Have you ever had a mentor or been one? Perhaps you identified as a business coach or consultant?
Maybe you had an informal mentor-mentee relationship, such as a family friend, or maybe a more formal relationship, such as a guidance counselor or a boss at an internship. Chances are most people can answer yes to this, but how many have signed a non-compete agreement for such a relationship?
As employment agreements are on the rise, so are non-compete agreements. Something that was once reserved for executives is now being used for every employee of a company and branching out into new business areas that have never used them before.
So do you need to ask your potential mentee to sign a non-compete agreement, or should you sign that non-compete that your potential mentor asked you to sign? Before you can make either of these decisions you need to know what the agreement is and how it can or cannot be enforced.
Once you know how a non-compete can affect you in your specific situation you can determine its necessity in your mentor-mentee situation.
Definition of a Non-Compete Agreement
In general, a non-compete agreement is a contract between two parties where one party agrees to refrain from seeking similar employment from a competitor or directly competing with the other party for a benefit. There are usually time period and geographic location limitations in place to make the agreement reasonable.
There are two main types of non-compete agreements:
- “Employment” non-competes: These agreements arise out of a standard employer-employee relationship. For example, a doctor employed by a medical group may agree to not seek employment at similar medical groups.
- “Catch-all” non-competes: These agreements arise out of other types of legal or business arrangements. For example, two parties may form a partnership to invest in real estate and agree to not invest in real estate in the area outside of the partnership.
You might see a non-compete agreement also referred to as a Non-Compete Clause (NCC) or a Covenant Not to Compete (CNC).
Enforceability of Non-Compete Agreements
Non-competes are usually enforceable if the terms are reasonable and there is consideration (a benefit for the non-competing employee for agreeing not to compete).
For example, your agreement is probably not valid if you don’t allow the party to compete anywhere in the United States for ten years.
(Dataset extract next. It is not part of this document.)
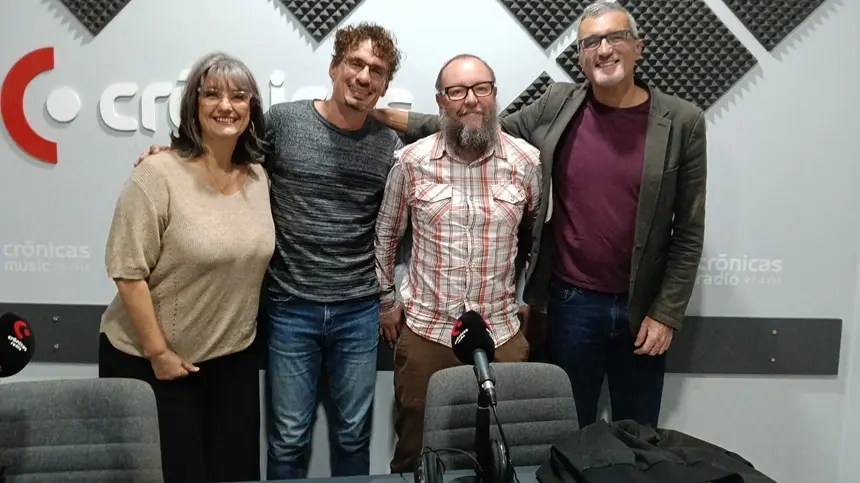 Participantes del programa de salud mental de Crónicas Radio.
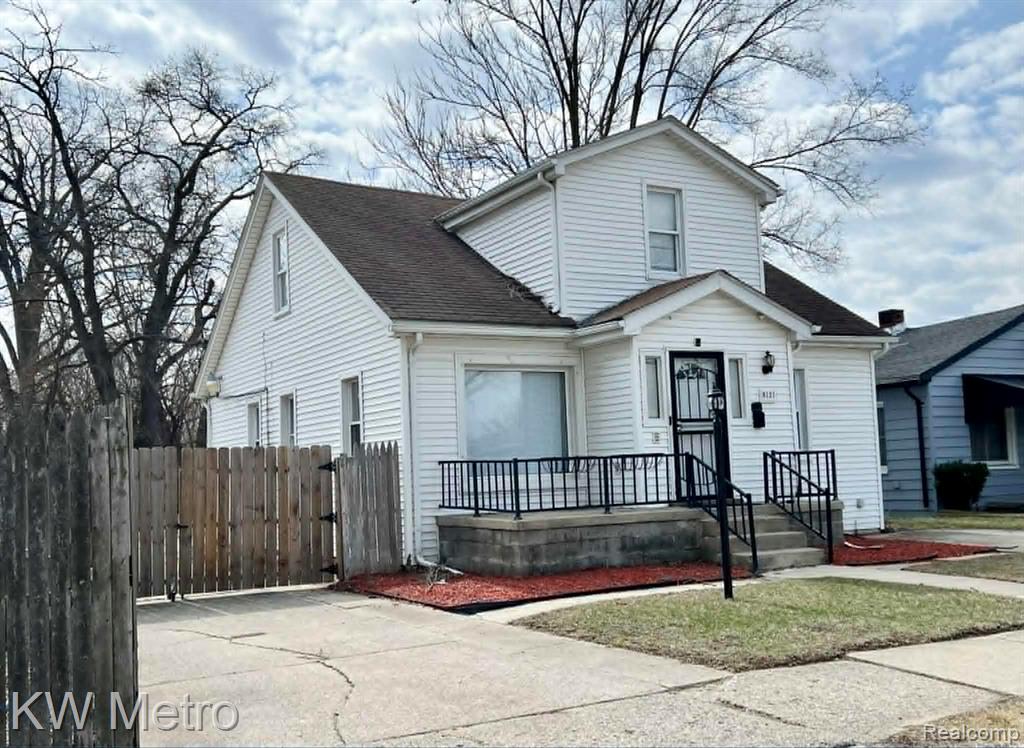 8121 Cloverdale Avenue, Ferndale, MI 48220 — Photo 2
An agreement where the party can’t compete for six months within one particular state will likely be valid. This is meant to balance the interests of the non-competing party’s ability to make a living, with the other party’s interest in protecting their business, with the public’s interest in the services/products of both parties.
In addition, certain states have limited or even banned non-competes so you must research the laws of your particular jurisdiction.
Non-Compete Agreements in Mentor-Mentee Relationships
A non-compete can be utilized in a mentor-mentee relationship, just like in an employment relationship.
- For Mentors:
In a mentor-mentee relationship the mentor is providing access to information that they have worked hard to achieve over the course of growing their business in order to help grow the mentee’s abilities. This can include legitimate business information that needs to be protected, thus it is important to protect your business by having a mentee sign a non-compete.
- For Mentees:
An overly aggressive non-compete can severely hinder a mentee’s future ability to work. If you are asked to sign one, you should place close attention to terms that could negatively affect you in the future such as, length of the agreement, area of work covered, geography covered, under what circumstances it applies, and payment of lawyer fees. Don’t forget that you can negotiate terms that don’t feel right to you. A mentor who won’t budge on overly broad terms might not be the safest bet for a mentor-mentee relationship.
However, a non-compete might not be the best option for a mentor-mentee relationship. Instead, a simple confidentiality agreement (non-disclosure agreement or NDA) may be a better option.
Writing Your Non-Compete Agreement
If you have agreed to take on a mentee and want to use a non-compete, where do you begin writing one? Some items that your agreement should include in order to be considered valid are:
- The names and addresses of both parties
- The effective date of the agreement
- The time period that the agreement lasts
- The geographic limitation of the agreement
- The legitimate business interest at play (e.g., a reason to need the non-compete, such as protecting their client list, confidential business information, or trade secret.)
- The consideration (how the party who agrees to not compete will be compensated. Very little is required to meet this. For example, if signed at the start of employment, the job itself is probably enough to count as consideration.)
- Signatures of both parties
You may also include additional terms, such as:
- The non-competing party may not disclose any of the other party’s confidential information.
- The non-competing party may not go after the other party’s clients for a certain time period.
- The non-competing party may not hire employees of the other party for a certain time period.
A non-compete agreement can be an important part of protecting your business, but for most “normal” mentees or employees, it doesn’t need to be overly broad. If you are writing one, be reasonable! If you are signing one, read the fine print carefully!
Writing Your Confidentiality Agreement
Are you taking on a mentee, but are using a confidentiality agreement and not a non-compete? Some items that your agreement should include are:
- State the parties
- Define what information is included under the term ‘confidential’
- Any exclusions
- Any specific obligations of either party
- Relevant time period
- List any penalties for breach
- Signature of both parties
Depending on the depth and type of business relationship you are planning to embark on, a non-compete or a confidentiality agreement is a must for protecting your business.